Éditorial de Tracés n°15-16/2011

Publikationsdatum
09-01-2012
Revision
19-08-2015

Alors qu’il faut aujourd’hui savoir « lire la ville » pour se sentir vraiment citadin – l’expression fait florès dans toutes sortes de discours qui traitent de l’urbain –, le fait de lire des plans ne va pas de soi. Paradoxalement, l’habitant lambda, habitué aux cartographies en ligne et à des systèmes de guidage de toute sorte, est mal à l’aise dès qu’il s’agit de s’orienter sur une carte. Pourquoi ? D’où vient cette méfiance face à un outil aux multiples avantages, tant esthétiques que documentaires ?

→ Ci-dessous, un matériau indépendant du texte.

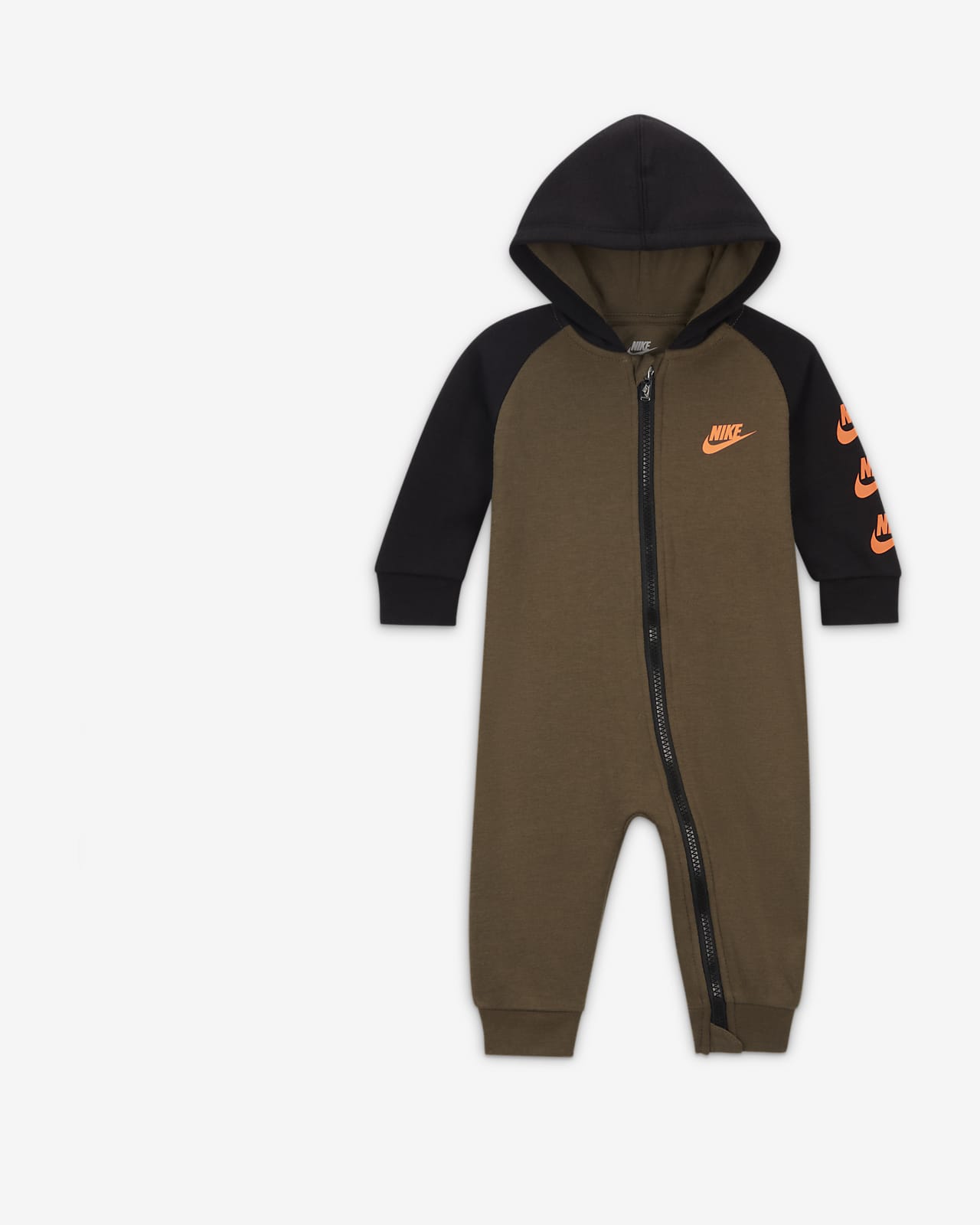 Baby (0-9M) Hooded Nike Sportswear Coverall.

Le malentendu vient du fait que le plan, cette « représentation en projection horizontale », est souvent pris pour la réalité, voire comme un garant de celle-ci. Alors que l’on sait, depuis Ferdinand de Saussure, que tout signe lie un signifiant et un signifié de manière arbitraire et immotivé, les outils numériques, perpétuellement mis à jour, nous font croire à une convergence entre la carte et le monde. Pourtant, un plan est avant tout un langage, un système de conventions où traits, formes et couleurs représentent uniquement certains aspects de la réalité.
Dans cette perspective, le plan directeur, et à fortiori l’urbanisme, n’est qu’un langage qui se rapporte à une projection dans le futur, projection doublement incertaine puisqu’elle se base sur un relevé du présent forcément incomplet – un plan ne peut être ni exhaustif ni dynamique – tout en tablant sur un futur indéterminé. Le piège consiste à croire que ce que l’on dessine serait « vrai », qu’un plan et la situation sur le terrain, présente ou future, coïncident. Au fond, il faudrait les lire comme on lit un texte, voire un poème. Et chaque plan afficherait alors impérativement en exergue : « je ne suis que doute ».

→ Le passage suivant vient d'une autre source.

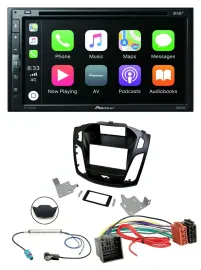 Pioneer DVD 2DIN MP3 DAB Bluetooth USB Autoradio für Ford Focus ab 2018 schwarz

Voilà pourquoi il est remarquable que l’on compare des plans de différentes époques, qu’un livre comme 1896 - 2001. Projets d’urbanisme pour Genève ait pu voir le jour. C’est une manière de mettre en perspective une quantité de doutes, de montrer qu’aucune des étapes historiques de la planification urbaine ne correspond à la réalité, mais que chacune a laissé des traces. La somme des documents réunis constitue un véritable inventaire et montre qu’ici, l’aménagement du territoire témoigne d’une volonté collective. Elle nous invite à lire, relire, reporter, dessiner et interpréter des plans sans cesse.